**DIRECTIONS FOR THIS TASK:** Output only the lines below from the one holding "Những gia đình" down to the one holding "9004 Holliday Ln — Photo 2", both end lines included and every picture dropped.

**DATA TO EXAMINE:**
========================================================================

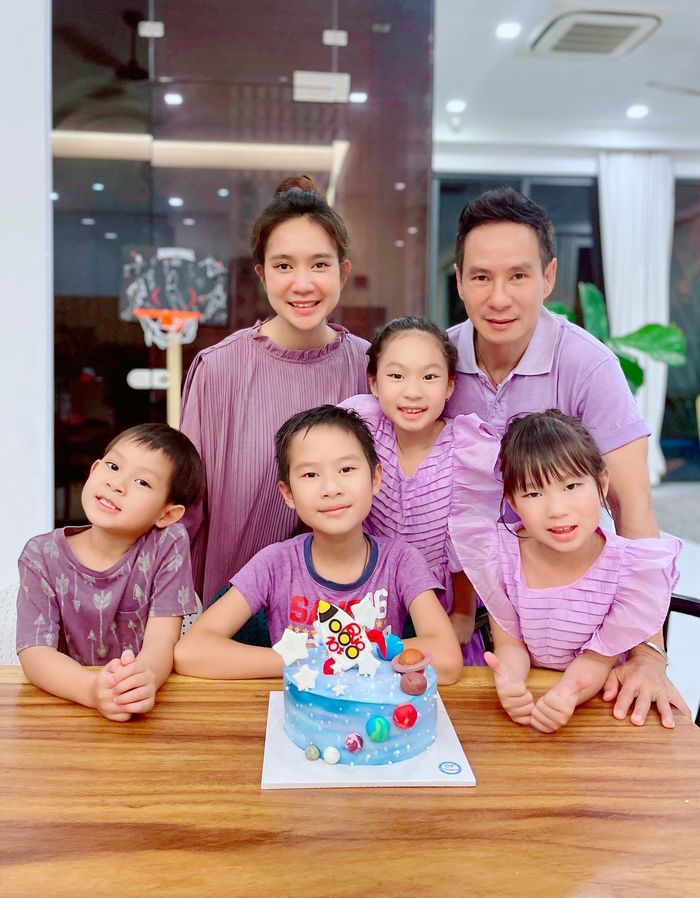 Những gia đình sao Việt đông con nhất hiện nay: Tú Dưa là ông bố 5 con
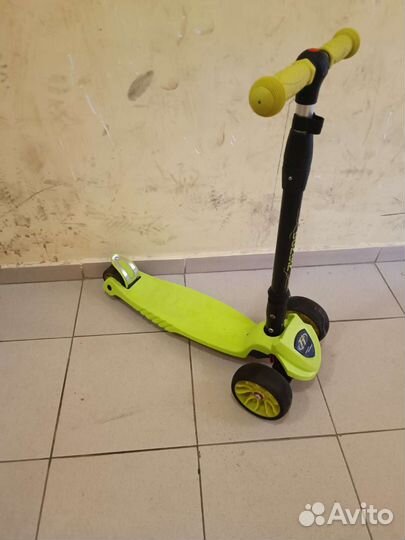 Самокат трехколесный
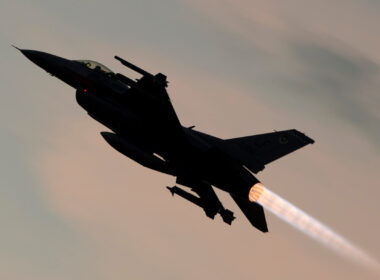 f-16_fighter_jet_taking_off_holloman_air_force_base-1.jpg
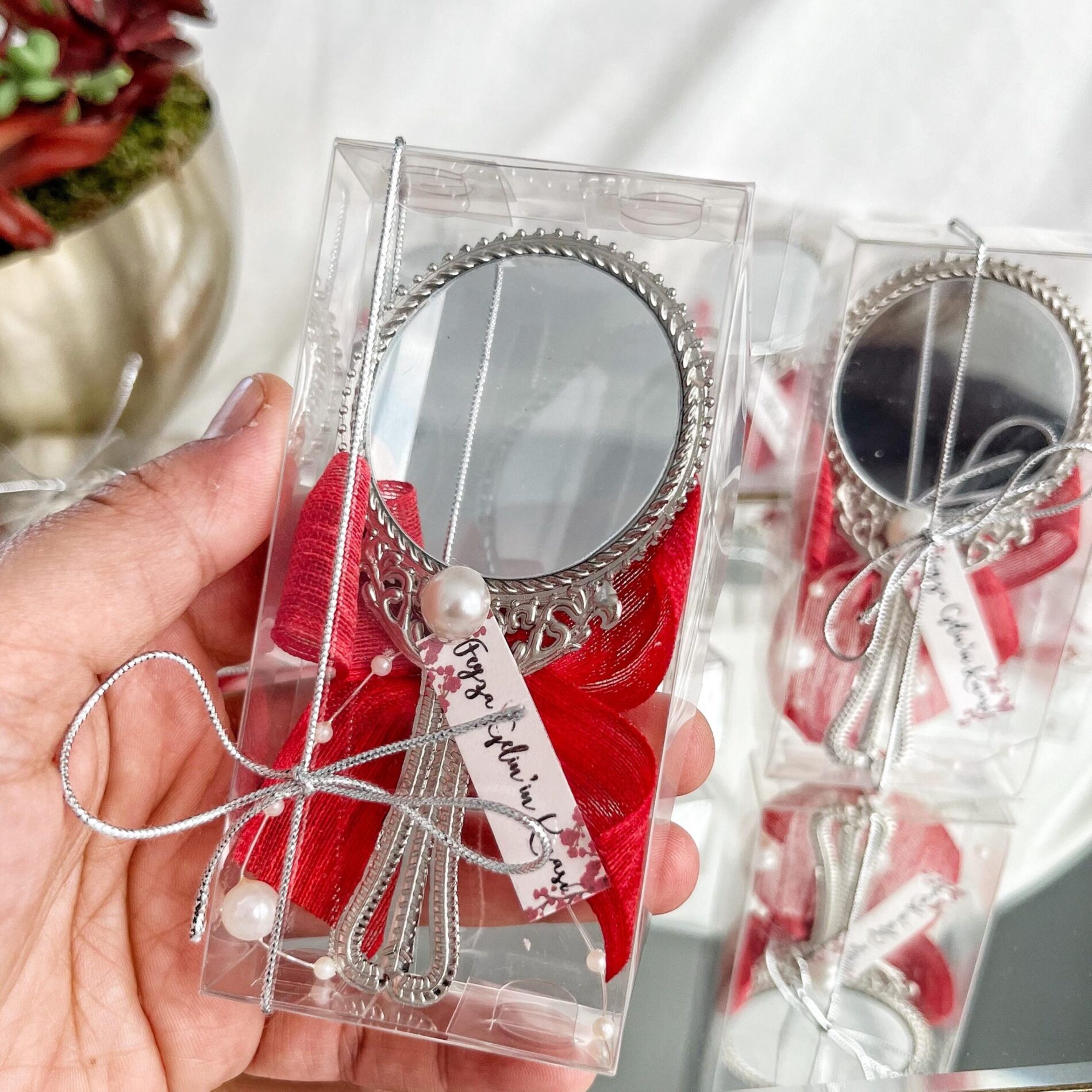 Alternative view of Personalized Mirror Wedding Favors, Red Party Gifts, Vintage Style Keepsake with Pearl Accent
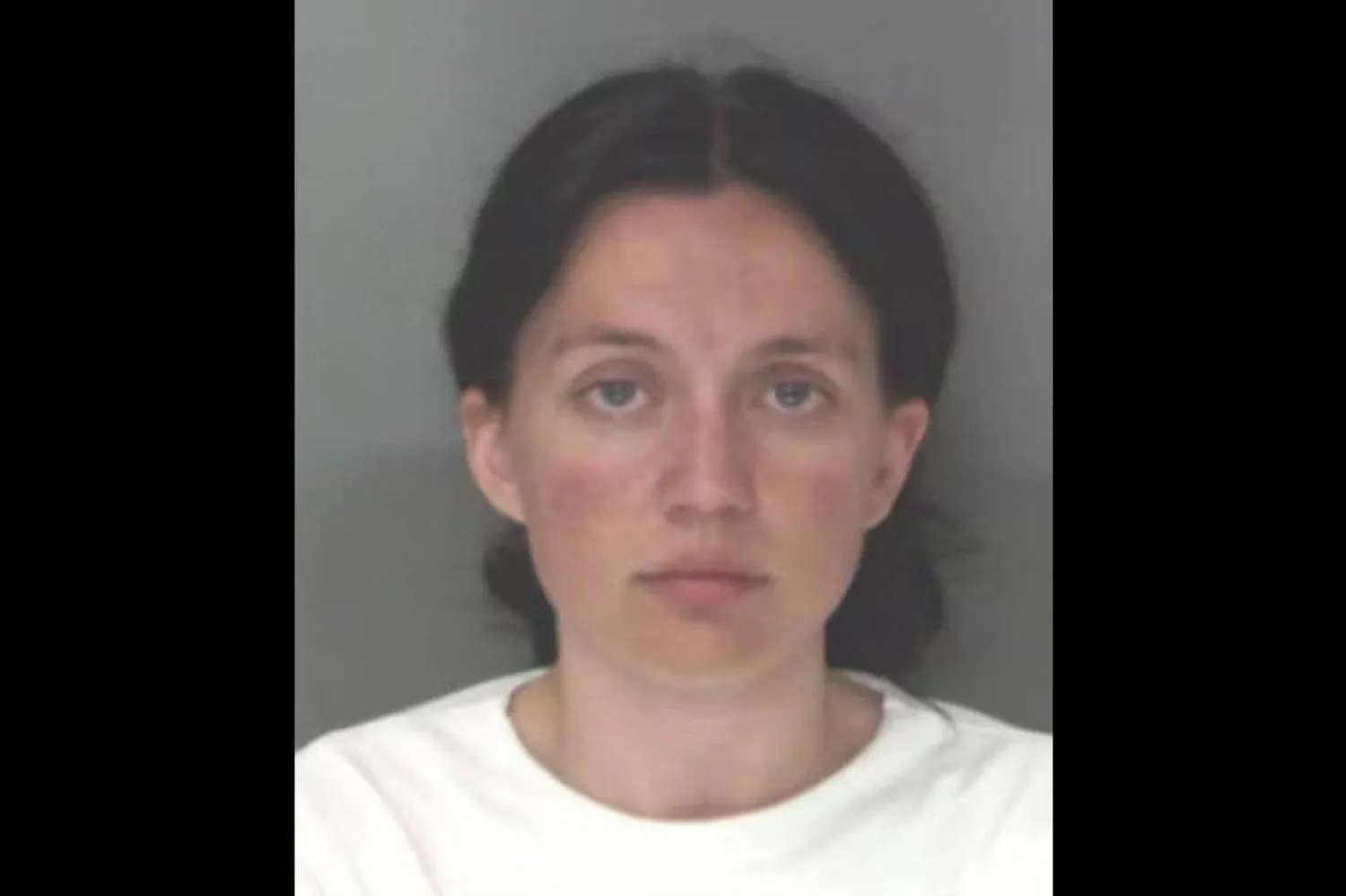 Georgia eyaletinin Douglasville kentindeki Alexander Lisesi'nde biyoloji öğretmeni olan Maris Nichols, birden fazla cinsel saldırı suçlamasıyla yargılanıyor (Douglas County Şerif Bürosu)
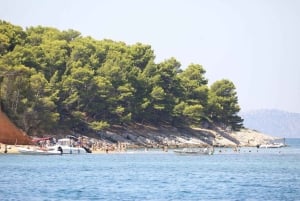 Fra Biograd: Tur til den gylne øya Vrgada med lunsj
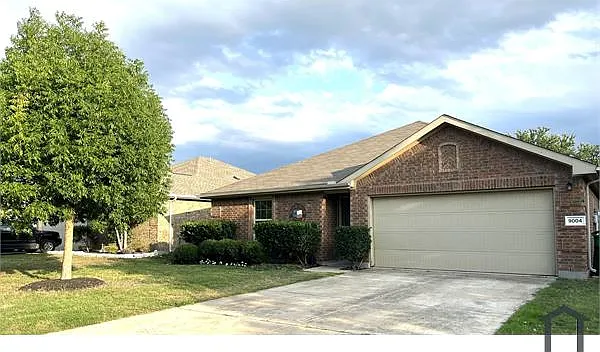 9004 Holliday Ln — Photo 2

========================================================================

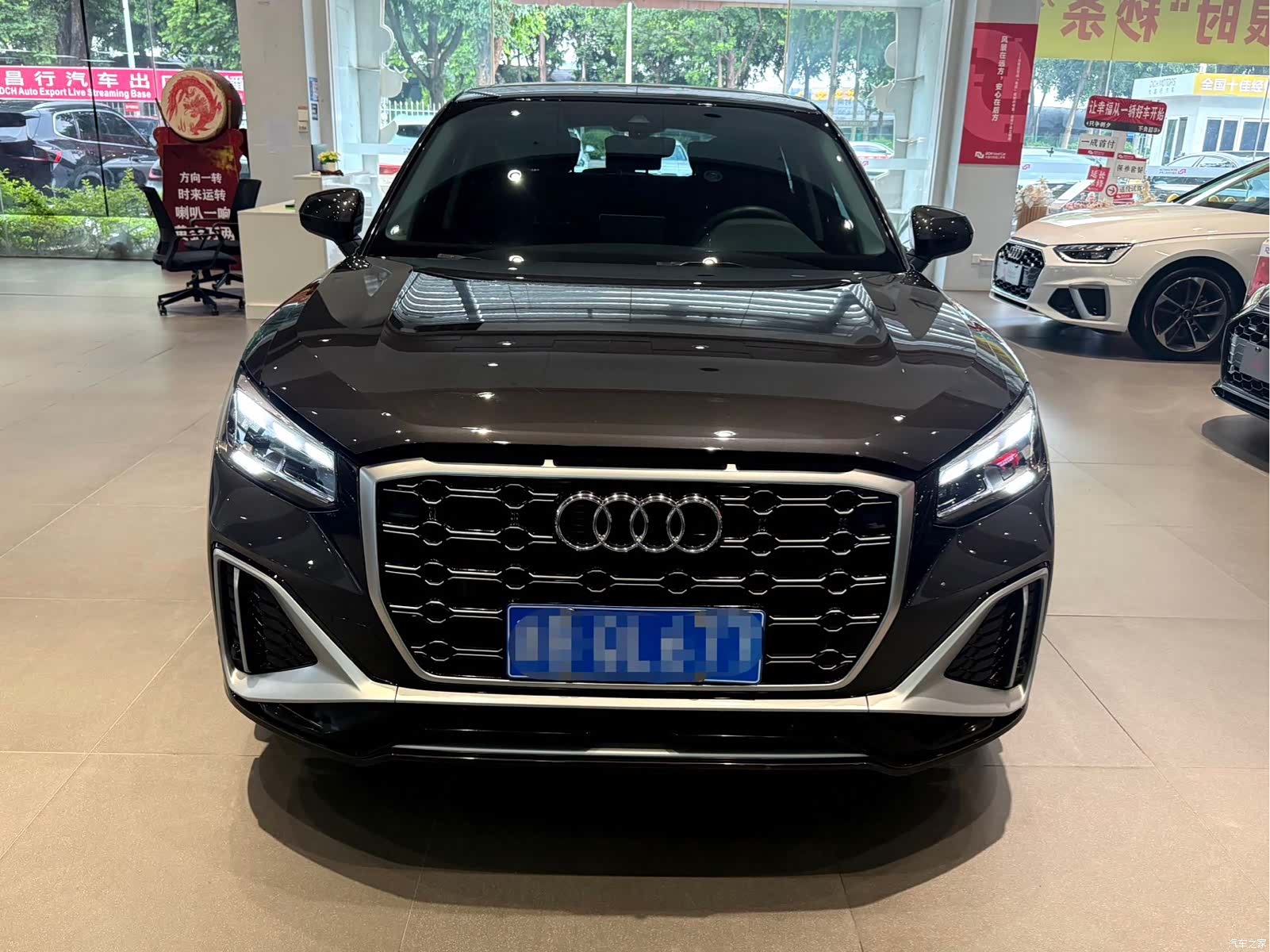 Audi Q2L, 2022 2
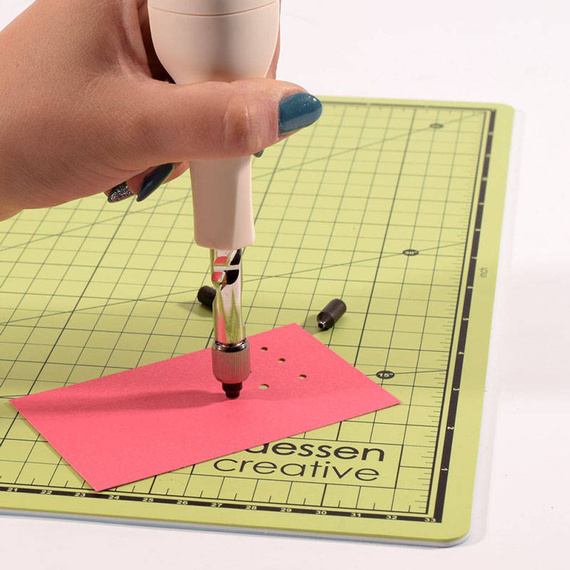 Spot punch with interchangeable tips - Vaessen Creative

========================================================================

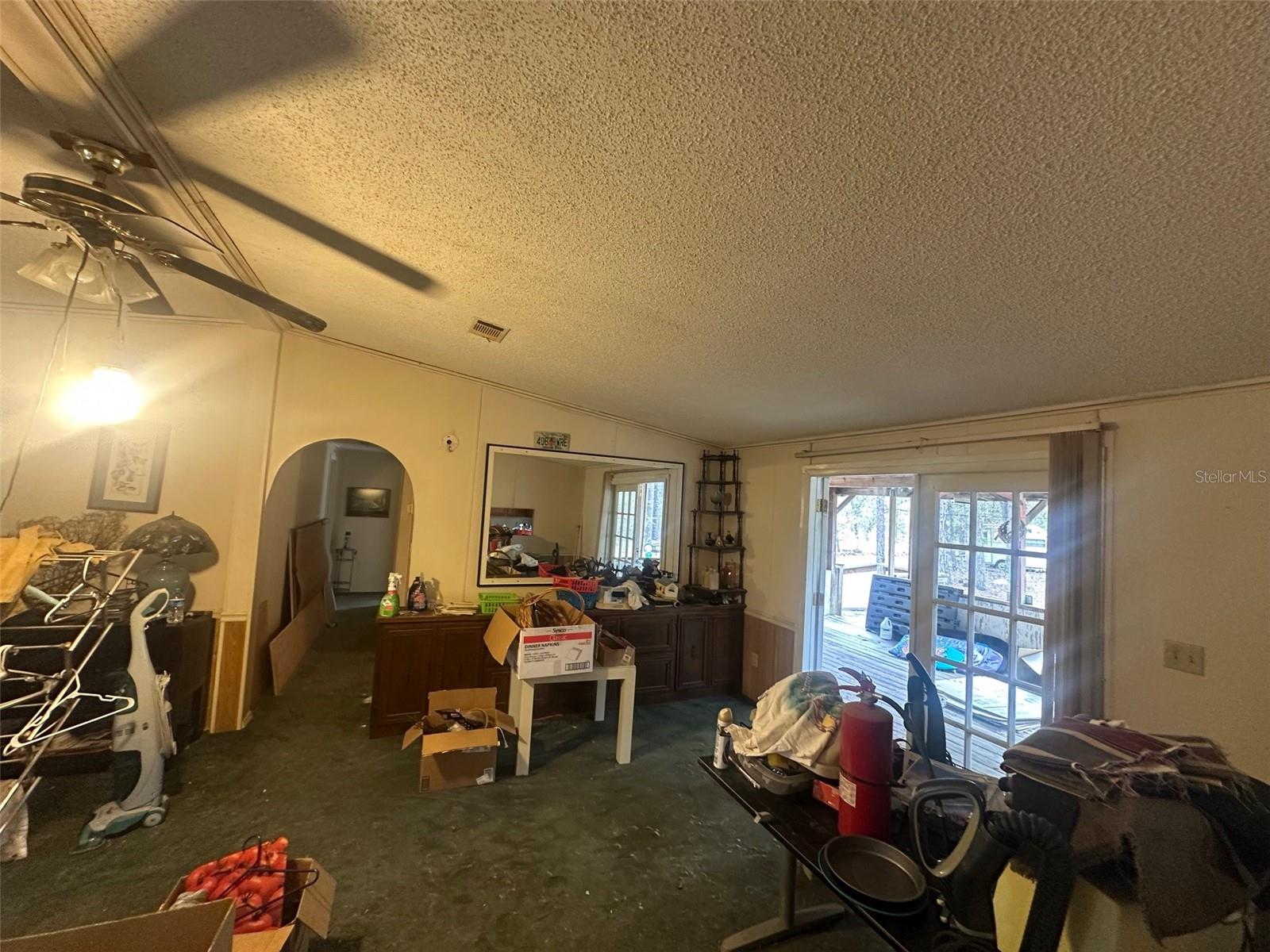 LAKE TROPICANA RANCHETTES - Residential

========================================================================

**ANSWER TO THIS EXERCISE:**
 Những gia đình sao Việt đông con nhất hiện nay: Tú Dưa là ông bố 5 con
 Самокат трехколесный
 f-16_fighter_jet_taking_off_holloman_air_force_base-1.jpg
 Alternative view of Personalized Mirror Wedding Favors, Red Party Gifts, Vintage Style Keepsake with Pearl Accent
 Georgia eyaletinin Douglasville kentindeki Alexander Lisesi'nde biyoloji öğretmeni olan Maris Nichols, birden fazla cinsel saldırı suçlamasıyla yargılanıyor (Douglas County Şerif Bürosu)
 Fra Biograd: Tur til den gylne øya Vrgada med lunsj
 9004 Holliday Ln — Photo 2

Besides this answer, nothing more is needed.